La nostra Associazione ha avviato un seminario per comprendere i possibili sviluppi di una società in cui non ci sarà più - e già non c’è più da tempo - lavoro per tutti.
Gli aspetti toccati sono molteplici. Come mantenere e ampliare il lavoro che ancora c’è, tra politiche attive del lavoro, formazione professionale mirata, semplificazioni normative, interventi fiscali, redistribuzione del lavoro con riduzione d’orario e di straordinari. Come le trasformazioni del Welfare - di cui ha parlato Nanni Tosco nel primo incontro seminariale -, gli ammortizzatori sociali, le misure di contrasto alla povertà crescente. Come le misure da prendere per ottenere una maggiore, e necessaria, equità sociale, specie tra generazioni. Come la proposta del reddito di cittadinanza, da analizzare per capire se si tratta di una realtà possibile o solo di una suggestione.
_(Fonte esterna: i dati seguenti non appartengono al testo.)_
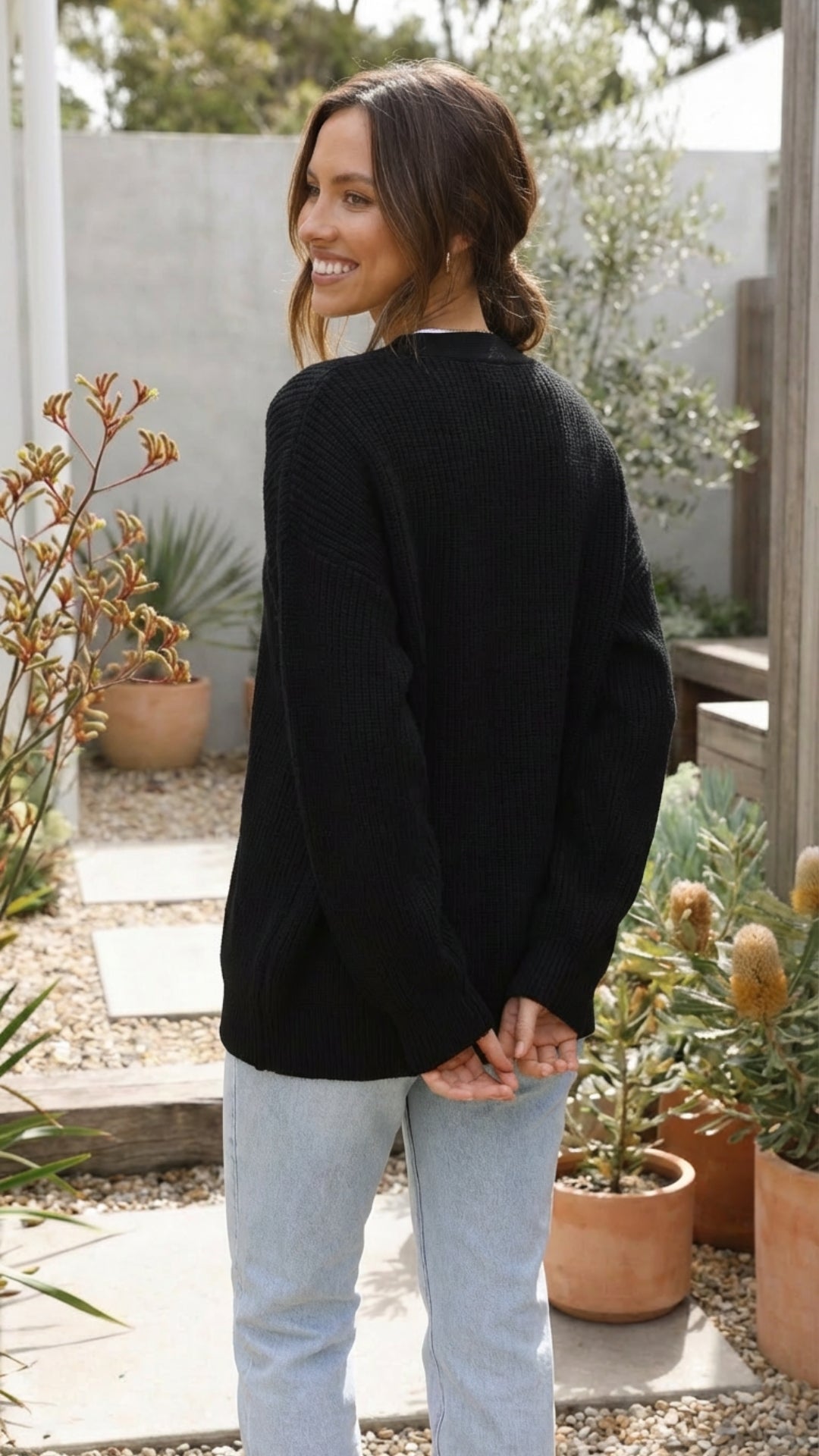 Women’s Button-Up Knit Cardigan with Long Sleeves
Per raccogliere idee utili al documento finale, che farà sintesi e concluderà il lavoro seminariale, oltre a incontri su temi specifici, abbiamo predisposto un questionario per intervistare economisti e studiosi dei fenomeni sociali. Mettiamo qui di seguito le 8 domande che lo compongono.
Nelle prossime settimane pubblicheremo le risposte degli esperti che man mano ci arriveranno.
Questionario
- In Italia e in tutto l’Occidente non ci sarà più lavoro per tutti. Parliamo di un lavoro continuativo e retribuito in misura tale da permettere a ciascuno una progettualità di vita. Due le cause della carenza di lavoro: l’automazione crescente dei processi produttivi, come aveva previsto Rifkin – e prima di lui Keynes – e la crescita economica dei Paesi emergenti, che riducono la fetta di ricchezza mondiale dei Paesi ricchi. È d’accordo con questa affermazione preliminare?
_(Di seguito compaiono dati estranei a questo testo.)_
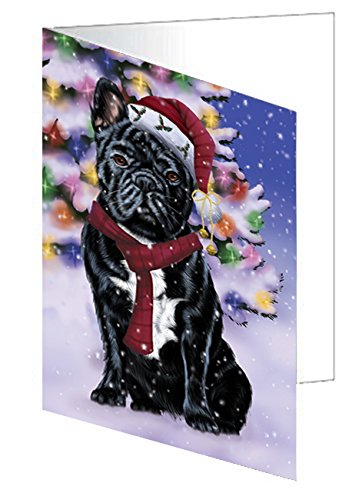 Winterland Wonderland French Bulldogs Dog In Christmas Holiday Scenic Background Handmade Artwork Assorted Pets Greeting Cards and Note Cards with Envelopes for All Occasions and Holiday Seasons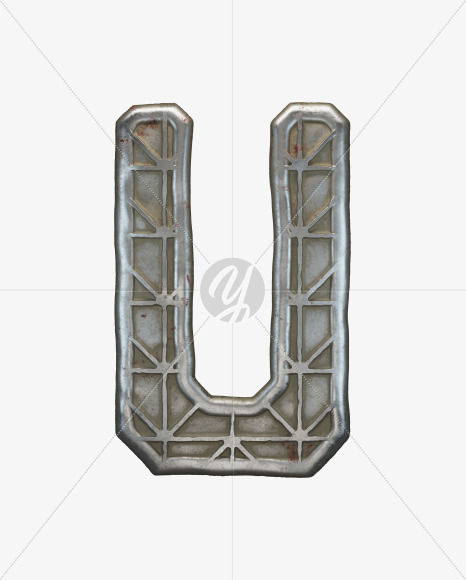 Letter U from Metal door alphabet on Yellow Images Creative Fonts - S50300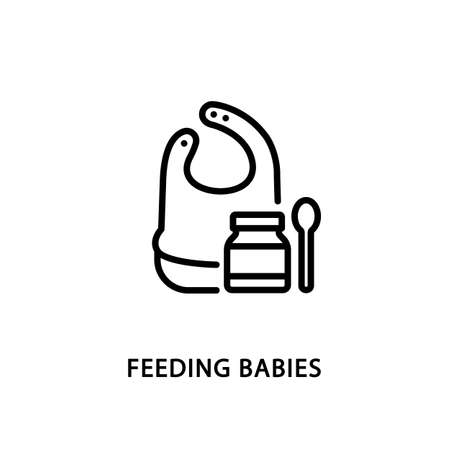 Feeding babies flat line icon. Vector illustration bib and baby puree jar and spoon. Start eating solid food with babyのイラスト素材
- Non pensa che l’Occidente debba cominciare a fare i conti con una sua inevitabile decrescita? Più o meno “felice”, ma almeno equilibrata.
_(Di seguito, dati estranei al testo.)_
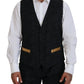 Dolce & Gabbana Elegant Black & Gold Slim Fit 3 Piece Suit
- Anche se il PIL dell’Occidente dovesse mantenersi – come sta facendo – agli stessi livelli, è innegabile che la distribuzione della ricchezza risulta sempre più diseguale. Come intervenire su tale grave squilibrio sociale, tenendo conto che è soprattutto il ceto medio che si sta impoverendo, in Europa come negli USA?
- L’Italia, rispetto ad altri Paesi europei, sembra avere squilibri di reddito più marcati. Come si potrebbe intervenire, con la fiscalità o con provvedimenti sul sistema pensionistico, per ottenere maggiore giustizia sociale? Il mantenimento del principio dei diritti acquisiti è giustificabile in una situazione di crisi, in particolare di crescente disoccupazione giovanile?
- Torniamo al lavoro che manca. Quello che c’è, può venire ridistribuito? Ridurre l’orario e trasformare gli straordinari in nuovi occupati è possibile?
- Semplificare le norme e ridurre il costo del lavoro potrebbe creare nuova occupazione? O almeno servirebbe a mantenere il lavoro che c’è, agevolando chi intraprende?
- Si insiste tanto sulla formazione, intesa soprattutto come preparazione alla flessibilità nelle competenze e capacità di apprendimento continuo. Ma come programmare i contenuti della formazione per un mondo del lavoro in rapidissima evoluzione?
- Infine, se manca il lavoro, posto dalla Costituzione a fondamento della Repubblica, su cosa baseremo la nostra civile convivenza? L’adozione di un “reddito di cittadinanza” potrebbe essere un’idea valida? Ma lo ritiene economicamente sostenibile?